DATA EXTRACT:
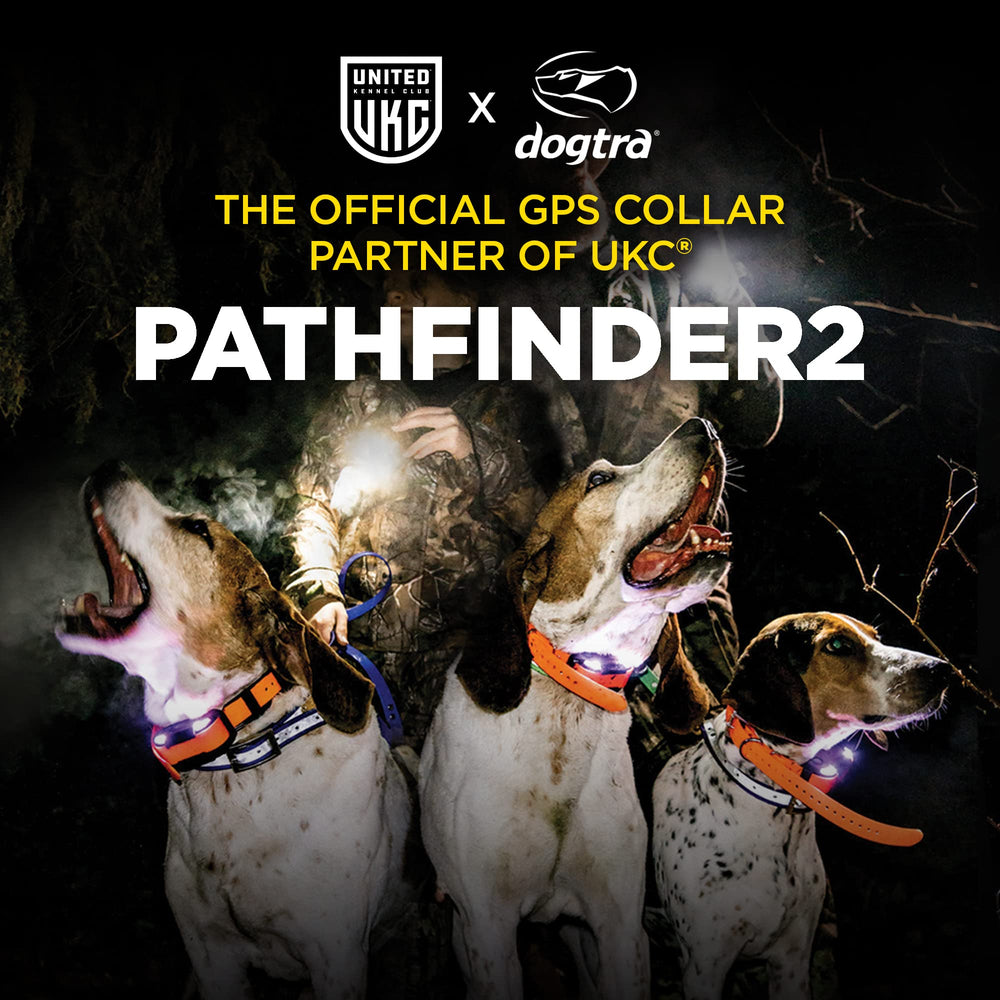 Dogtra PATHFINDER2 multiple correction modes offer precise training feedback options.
* * *
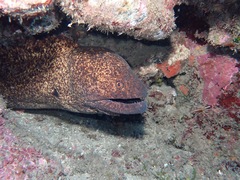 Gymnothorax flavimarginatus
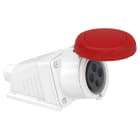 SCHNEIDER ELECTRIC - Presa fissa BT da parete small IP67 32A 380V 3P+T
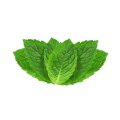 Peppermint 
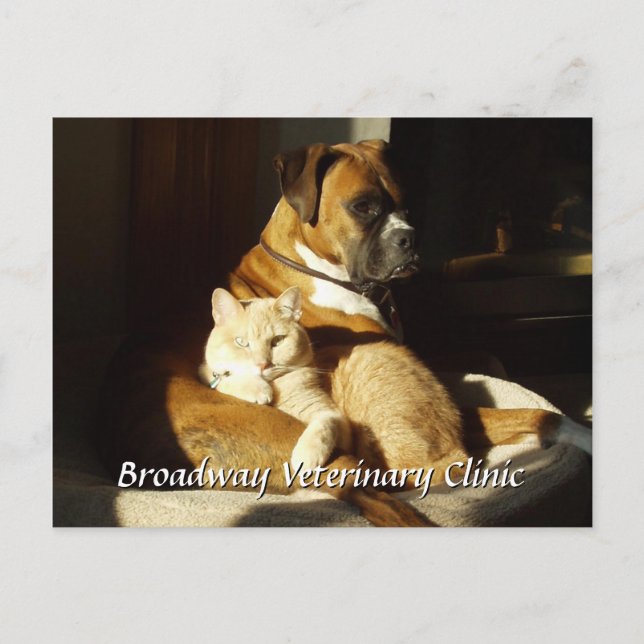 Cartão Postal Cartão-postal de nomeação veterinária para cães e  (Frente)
==
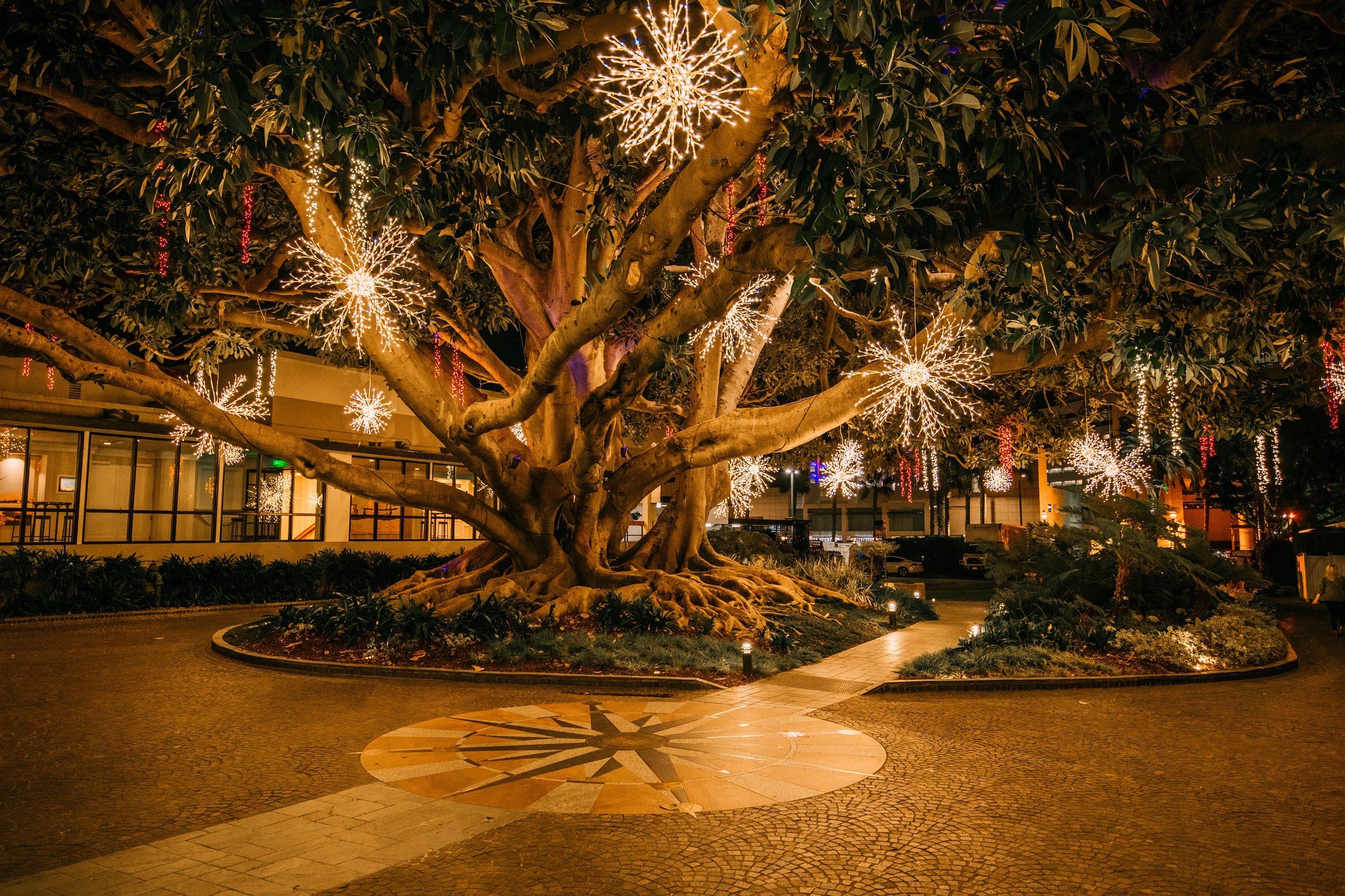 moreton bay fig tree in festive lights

DESCRIPTION OF THE TASK: Extract the part of the records that opens with the line containing "SCHNEIDER ELECTRIC - Presa" and closes with the line containing "Cartão Postal Cartão-postal". Take only those lines, exactly, and no pictures.

EXERCISE RESPONSE:
 SCHNEIDER ELECTRIC - Presa fissa BT da parete small IP67 32A 380V 3P+T
 Peppermint 
 Cartão Postal Cartão-postal de nomeação veterinária para cães e  (Frente)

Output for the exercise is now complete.